It has long seemed to me folly to assume that one thing can determine the right or the good in all contexts in the way that, for example, Kantian deontologists and utilitarians claim. Each time I teach global ethics, this “feeling” is heightened. Why could it not be the case that in one context consequences are more relevant and in another intentions?
For example, a person is careless while driving, looking at his iPod, and ends up killing someone, quite unintentionally. In another case, a young man intends to hurt another but bungles it, and there are no bad consequences, except, perhaps, in regard to his self-image and how he might act in the future.
I’m quite sure that the Kantian and the utilitarian could explain the wrongness in each case, and the countless others that one might invent. But I’m guessing they could cover all such cases only via various contortions of reason and mis-descriptions of the facts.
On the other hand, there might seem to be a real problem if we were to say different things account for the right/good in different contexts, for then how do we determine which is salient in each case? How do we know that here it is the intentions and there the consequences that really matter?
But is this really a problem? Most of us don’t operate consciously, purposely, or explicitly as deontologists or consequentialists in daily life. Isn’t this a good place to appeal to a kind of Aristotelian idea of learned competence that is akin to chicken sexing? Perhaps that takes it too far into the inexplicable. For we do debate in normal contexts about whether motivations are more relevant than the consequences. As we grow up and become responsible moral agents, we develop skills in sorting out what is relevant and what not. Some of us are better at this than others, but the point is that we do it quite naturally. So why assume that we need some principle to appeal to in order to say what’s relevant when? Isn’t that just making the same mistaken assumption that for all cases there is some condition or set of conditions that make something right/good?

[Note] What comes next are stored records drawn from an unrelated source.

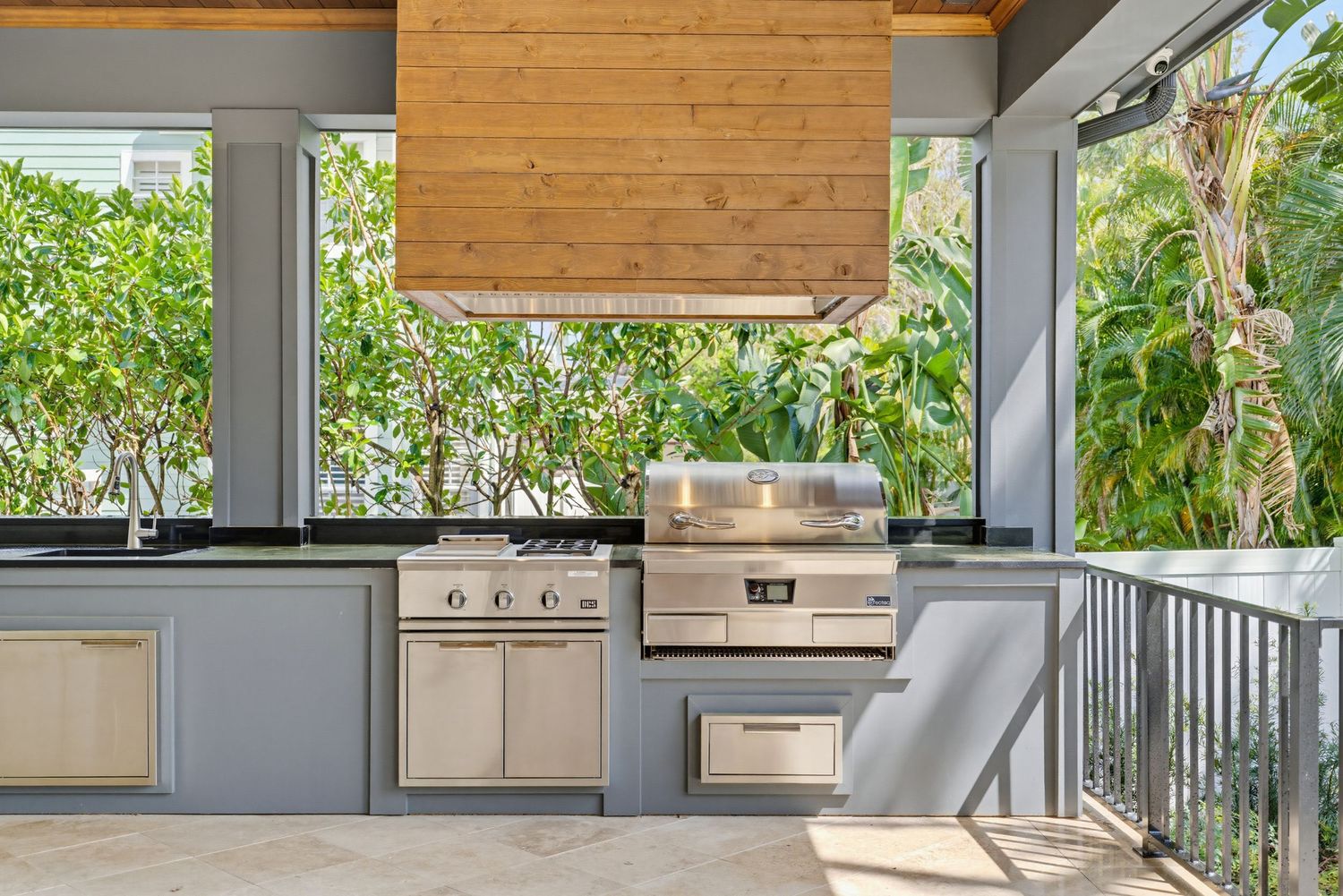 Modern outdoor kitchen with stainless steel appliances and grey cabinets on covered porch surrounded by lush greenery.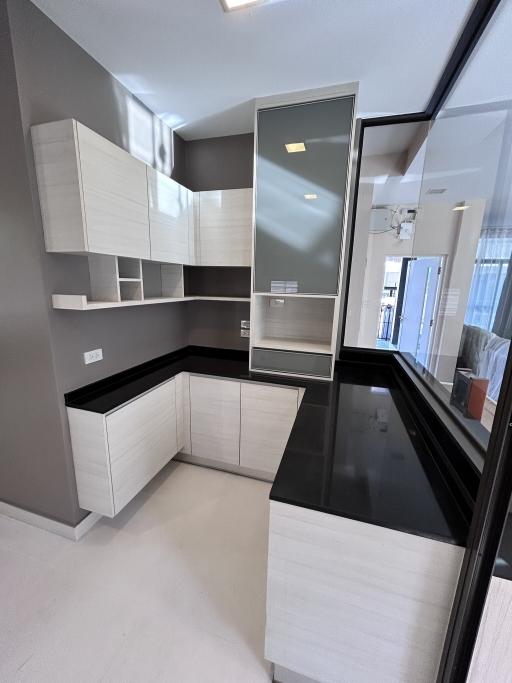 Modern kitchen with stainless steel appliances and sleek cabinetry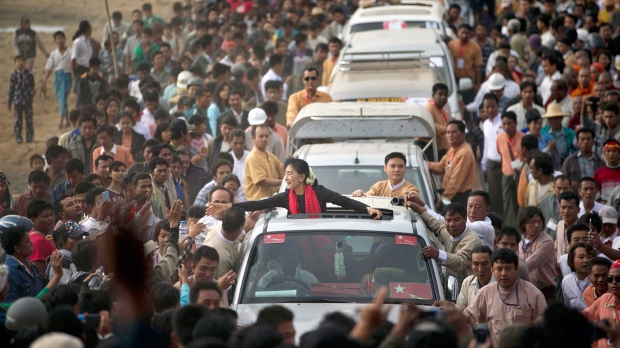 Opposition leader Aung San Suu Kyi reaches for supporters as she leaves after a public meeting close to Letpadaung mine in Monywa, northwestern Myanmar, Friday, Nov. 30, 2012. (AP / Gemunu Amarasinghe)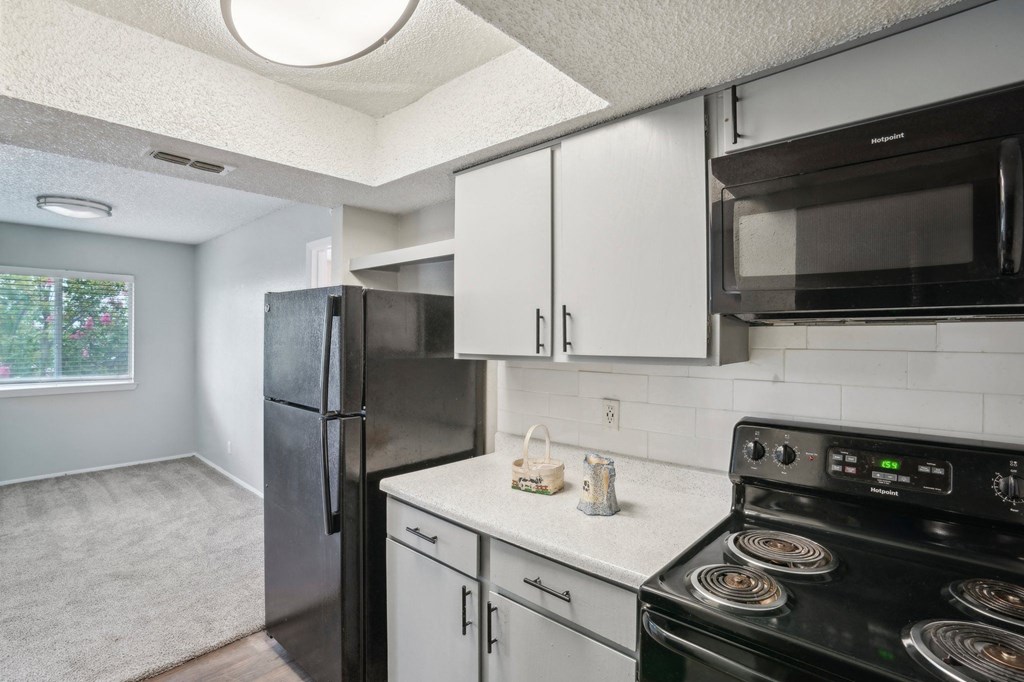 a kitchen with light colored cabinets and black appliances
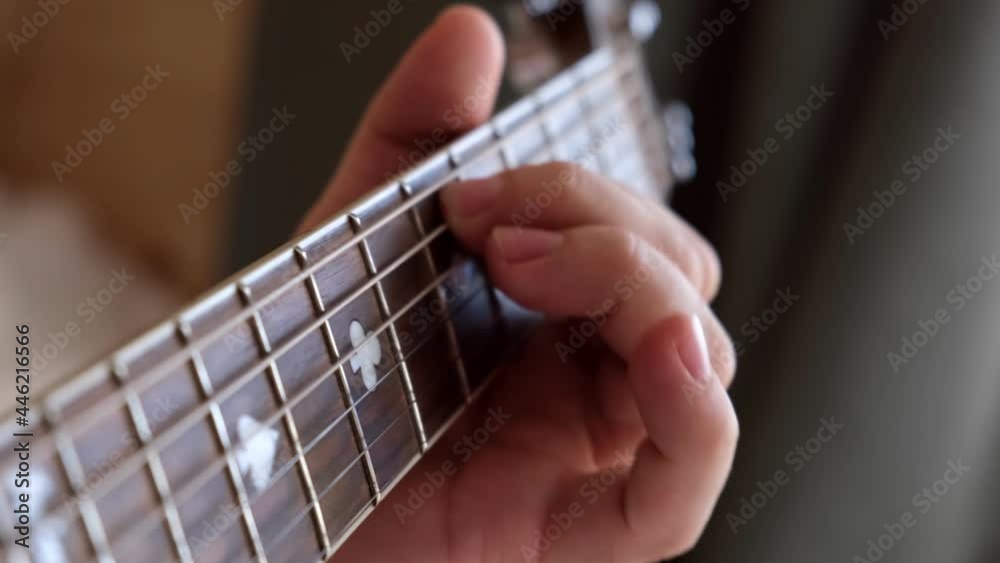 Musical instrument. Musician plays and picks chords. Man plays acoustic guitar, clamps the strings Close-up. Daylight. Man's hands playing on a guitar neck, soft focus. Rock, Blues, Jazz, Pop music. Musical instrument. Musician plays and picks chords. Man plays acoustic guitar, clamps the strings Close-up. Daylight. Man's hands playing on a guitar neck, soft focus. Rock, Blues, Jazz, Pop music.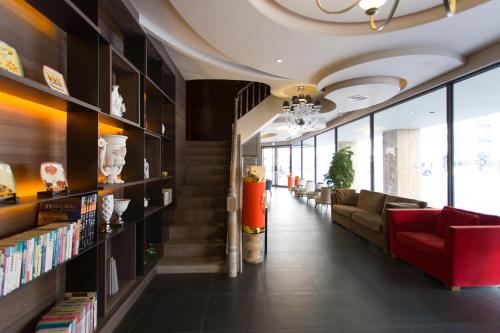 a library with a red couch and bookshelves at 麗馨商旅七賢館 in Kaohsiung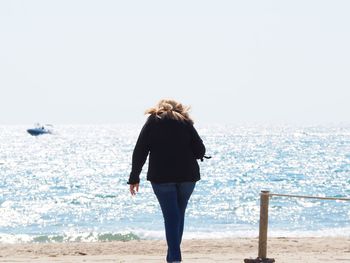 Rear view of woman standing at beach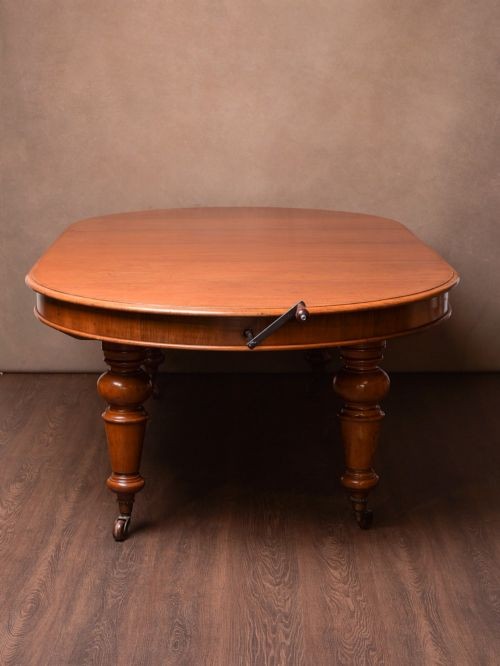 A Victorian mahogany extendable dining table featuring turned legs on brass castors, rounded tabletop corners, and an exposed metal winding crank handle. View VIII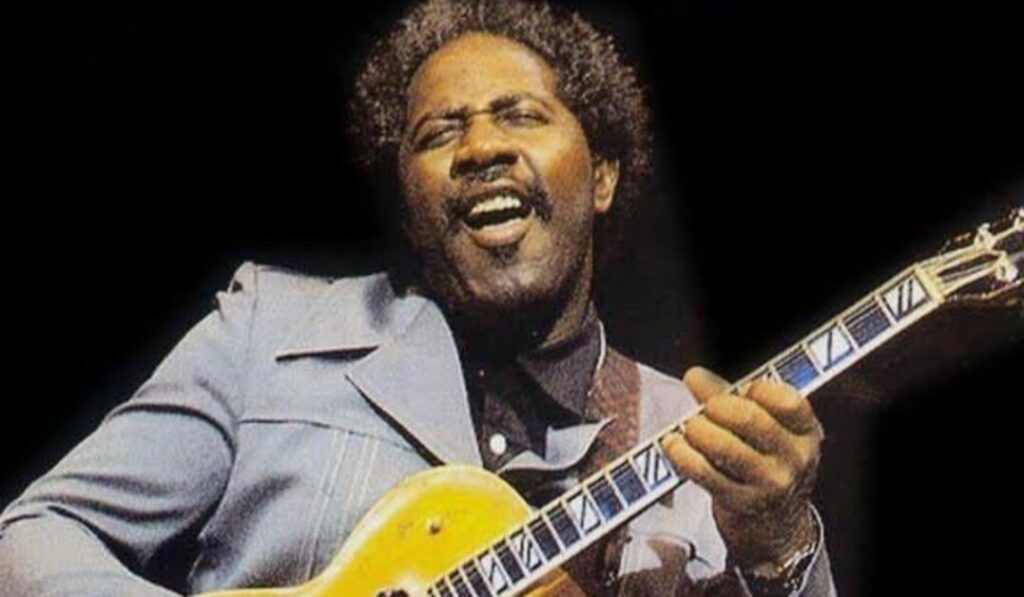 Fenton Robinson on stage playing guitar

Perhaps, however, I have oversimplified matters. Perhaps the contortions of reason and the mis-descriptions I worried about earlier would be mitigated by distinguishing, as people do, between wrong actions, blameworthy actions, and actions warranting punishment. So the bungled attempt of the young man to harm another is blameworthy from the consequentialist’s perspective even if the bungled action wasn’t wrong per se, and as such still warrants punishment. It’s not clear, however, how one accounts for the blameworthiness of the bungled action without appealing to some kind of consequences: either the bungled action really produced bad consequences after all or we need to recognize that, according to a rule consequentialism, willing harm, successfully or not, leads to worse consequences than not in the long run. But then, the action is blameworthy because it is wrong. Perhaps the kind of cases I’m thinking about where it makes sense to separate out the bad from the blameworthy are those, for example, where one causes harm unavoidably and without fault, e.g., when the brakes give out in a new car, but no one was negligent, and someone is run over and killed. The driver is not to blame, did not act wrongly, though the consequences are bad. The point here is that it’s not clear that adding the above distinctions will solve the problem at hand.
I have focused here on Kantian deontology and consequentialism for simplicity’s sake and because they seem to go wrong in similar but opposite ways. The Kantian seems to neglect the importance of consequences and the consequentialist the importance of intention. And we are left wondering in one case why the consequences aren’t relevant and in another why the intentions aren’t relevant. Clearly, Kant and Mill were subtle thinkers; Kant surely acknowledges our intuitions about consequences and Mill the importance of intentions. While nothing I’ve said here is definitive, my aim has been “merely” to push the question: But why think that there has to be some one thing that runs through all right actions that makes them right? I would greatly appreciate being helped out with this question.